O País o que precisa é de resposta aos problemas e não de encenações e de dramatizações para efeitos mediáticos. De uma política que dê prioridade às actividades produtivas e não às actividades especulativas e parasitárias, que melhore a repartição do rendimento Nacional e não a concentração da riqueza, que aumente o poder de compra e alargue o mercado interno e não o seu estreitamento, que promova o emprego com direitos e não os vínculos precários, os biscates e o trabalho clandestino.
De uma política que na União Europeia se bata pela concretização do princípio da "coesão económica e social" e de medidas de combate ao desemprego e não de uma política de obediência servil e cega à marcha acelerada e forçada para a Moeda Única.
É inaceitável que o País chegue a 31 de Maio com uma taxa de execução de 15% do II Quadro Comunitário de Apoio numa clara incapacidade de gerir com eficácia os meios financeiros disponíveis... (economia virtual) E não é a economia virtual que disfarça o mal estar...
O mal estar sentido ou difuso, a insegurança quanto ao posto de trabalho futuro, a indignação face às injustiças, o protesto e a luta das mais diversas camadas sociais - classe operária, trabalhadores da Administração e da Função Pública, professores e alunos, armadores, agentes funerários, guardas florestais, mineiros, polícias, têm também reflexos e expressão mesmo dentro do PS. Por isso não é de estranhar que um dirigente socialista tenha afirmado que o "Governo precisa de vitaminas", que outro socialista diga à laia de desculpabilização que "se criaram expectativas irrealistas durante os "Estados Gerias", que outro no Porto, proteste contra a taxa de desemprego no distrito e que outro ainda afirme que "o PS navega à vista, para não dizer à deriva"...
Mas esta expressão de descontentamento tem também o seu jogo de sombras quando se pretende mostrar que há dois "PS"; o PS/Governo e o PS/JS; o PS governo e o PS oposição. O PS situação e o PS alternativa a si próprio.
Mas não é o jogo de sombras, nem a multiplicação das doses de propaganda, nem a divulgação de sucedâneos da tese do "Oásis", nem as estatísticas criativas que alteram a realidade.
E a realidade o que nos mostra é que há muitas famílias a viverem mal, muitas que não terão férias ou que não sairão de casa este verão.
A realidade é a que nos coloca no "pelotão da frente" em relação às taxas de pobreza, às desigualdades, às taxas de analfabetismo, aos baixos salários e baixas reformas.

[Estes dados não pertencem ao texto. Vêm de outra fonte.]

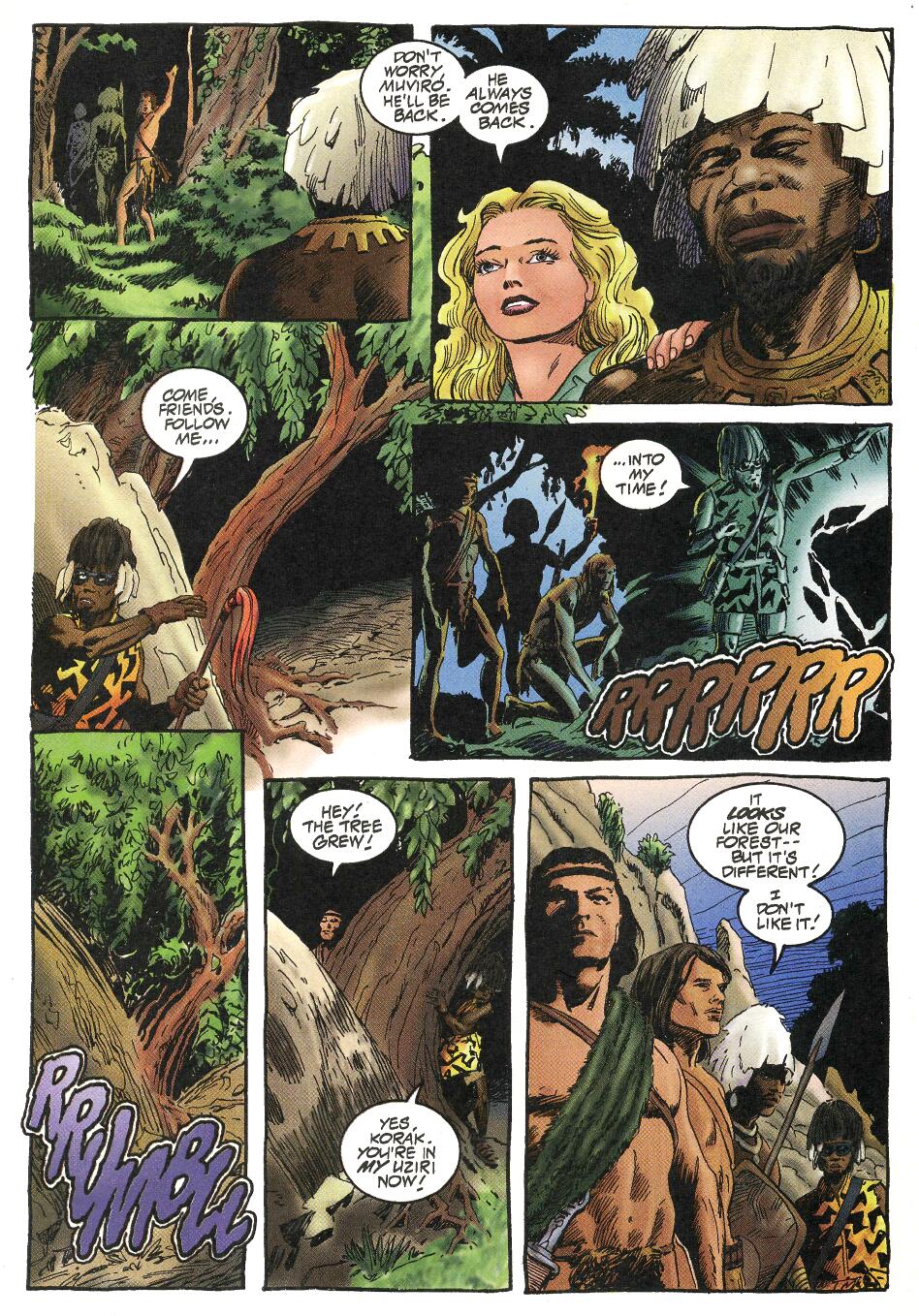 Read online Tarzan (1996) comic -  Issue #17 - 28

Ninguém pode ficar indiferente em relação a este quadro, nem quando vê empresas e sectores produtivos a serem liquidados, ou quando toma conhecimento que cerca de 50% da população activa tem vínculos precários...
O rendimento Mínimo foi uma medida positiva e ficamos satisfeitos por termos sido os primeiros a apresentar tal medida na Assembleia da República. Mas creio que nos deve fazer pensar a todos porque razão é que havendo um significativo desenvolvimento das forças produtivas, se têm de multiplicar as sopas dos pobres, os bancos a favor da pobreza e medidas como o Rendimento Mínimo!

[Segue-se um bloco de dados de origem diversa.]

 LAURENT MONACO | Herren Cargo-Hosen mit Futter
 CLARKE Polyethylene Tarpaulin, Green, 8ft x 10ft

Isto não é a consequência da política de casino, da política de concentração de riqueza, da política neo-liberal e da marcha forçada para a moeda única, da política ditada não pelas pessoas e a favor das pessoas, mas pelos mercados financeiros?
Haverá muita gente no PS que pensa que sim, que não aceita os dogmas do neoliberalismo e do «pensamento único».

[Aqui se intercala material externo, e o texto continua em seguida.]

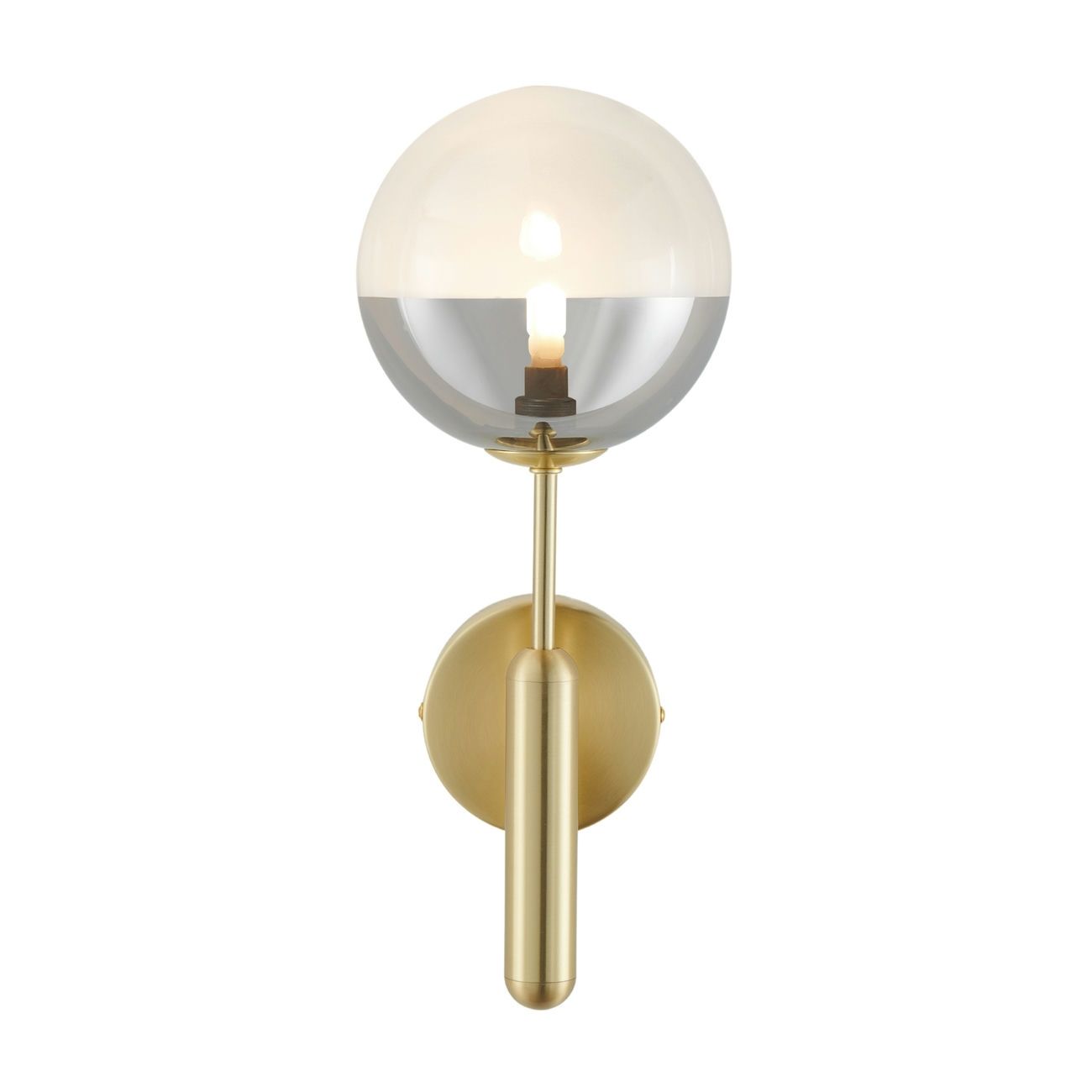 Applique en verre Doré / Laiton 33 cm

Senhores Membros do Governo
Senhor Primeiro Ministro
O País precisa de uma política de esquerda e não da continuação nas questões essenciais da política de direita.
O País precisa de uma política que defenda e valorize a produção nacional e não de uma política que abra as portas à sua destruição.
O País precisa que se dignifique quem trabalha e não de uma política ao serviço dos grandes senhores do dinheiro, que lança no desemprego ou empurra para a emigração a sua força de trabalho.
Continuaremos, por isso a nossa luta por um novo rumo para Portugal.